Natural Rind Cheeses
“Natural rind” cheeses have rinds that are self-formed during the aging process. Generally, no molds or microflora are added, nor is washing used to create the exterior rinds, and those that do exhibit molds and microflora in their rinds get them naturally from the environment. Because most natural rind cheeses are aged for many weeks, to develop their flavor as well as the rinds, many natural rind cheeses are made from raw milk.

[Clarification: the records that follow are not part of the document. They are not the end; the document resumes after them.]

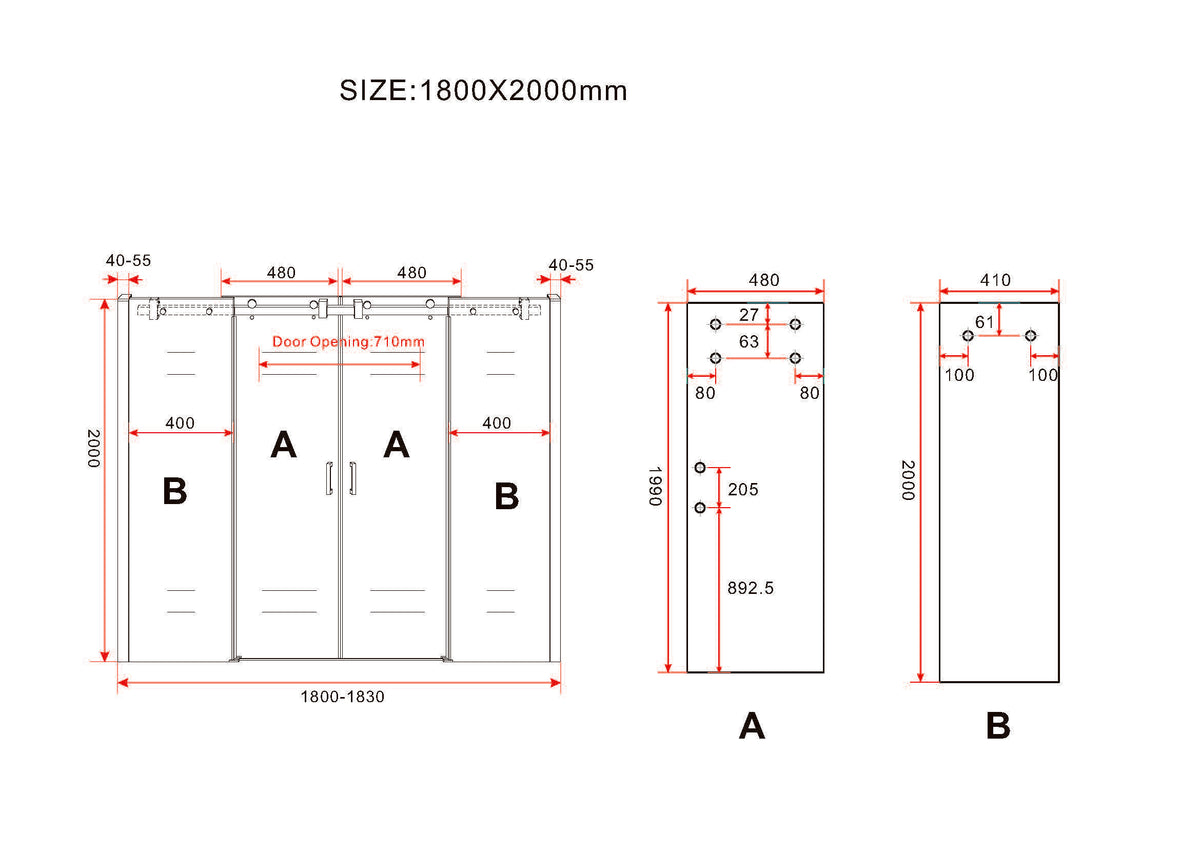 Maattekening Slide nis schuifdeur dubbel 180x200cm 8mm Nano helder glas Mat zwart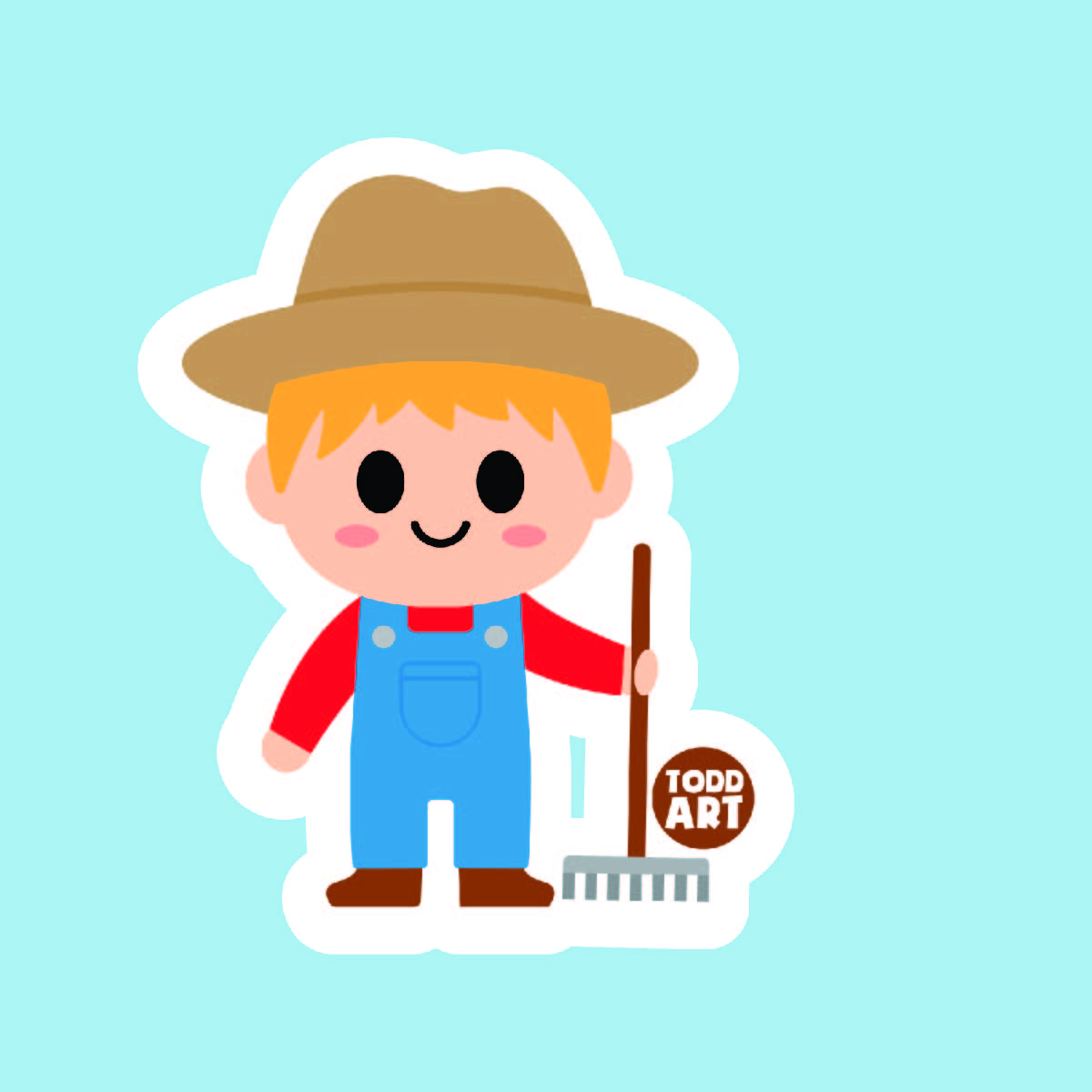 A FARME  WITH BROWN HAT, RED LONG SLEEVE SHIRT AND BLUE OVERALL HOLDING A RAKE 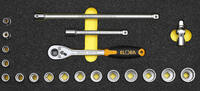 ELORA - SHOP ELORA Socket set 3/8, 20-pcs, bi-hexagon, Module ELORA-OMS-34 -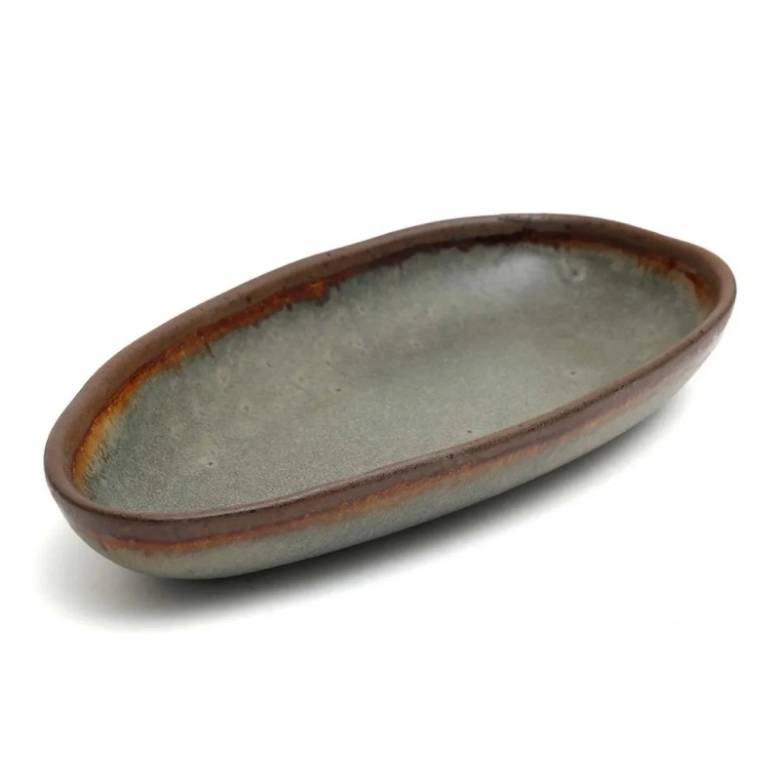 Medium Oval Stoneware Serving Platter with Rustic Glaze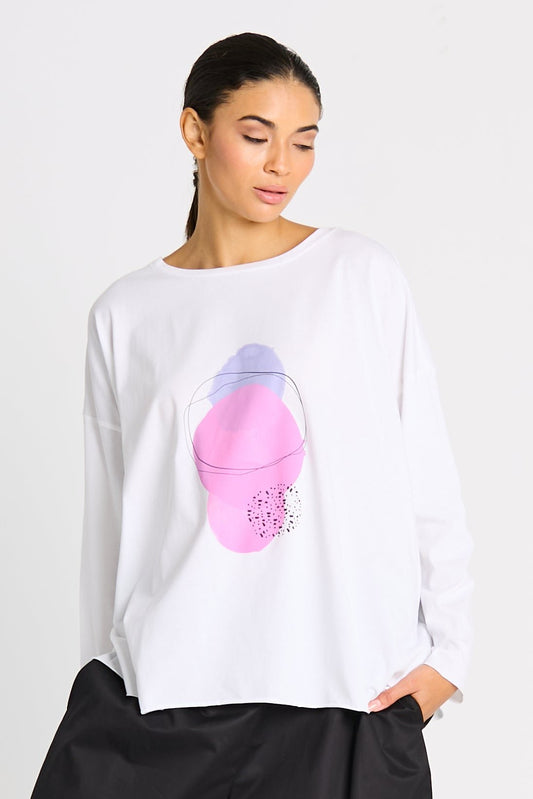 Pima Cotton "Saturn" Luxury Boxy Tee - White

Many “tomme” style cheeses fall into this category, especially the French Tomme de Savoie and Mimolette, as well as the English Stilton (also a blue), and Lancashire cheeses.
Washed Rind Cheeses
“Washed rind” is used to describe those cheeses that are surface-ripened by washing the cheese throughout the ripening/aging process with brine, beer, wine, brandy, or a mixture of ingredients, which encourages the growth of bacteria. The exterior rind of washed rind cheeses may vary from bright orange to brown, with flavor and aroma profiles that are quite pungent, yet the interior of these cheeses is most often semi-soft and, sometimes, very creamy. Washed rind cheeses may be made from both pasteurized and raw milk, depending on the style of the cheese and the cheesemaker producing them. Cheeses in this category include some tomme-style cheeses, triple-crème, and semi-soft cheeses, similar to Epoisses, Livarot and Taleggio.
The term “processed” is used to describe cheese by-products made from a combination of natural cheese and added ingredients, such as stabilizers, emulsifiers, and flavor enhancers that are used to create a consistent and shelf-stable product aimed at mass market consumption. Cheeses in this category include American Cheese, processed cheese spreads, and “cheese flavored” spreads.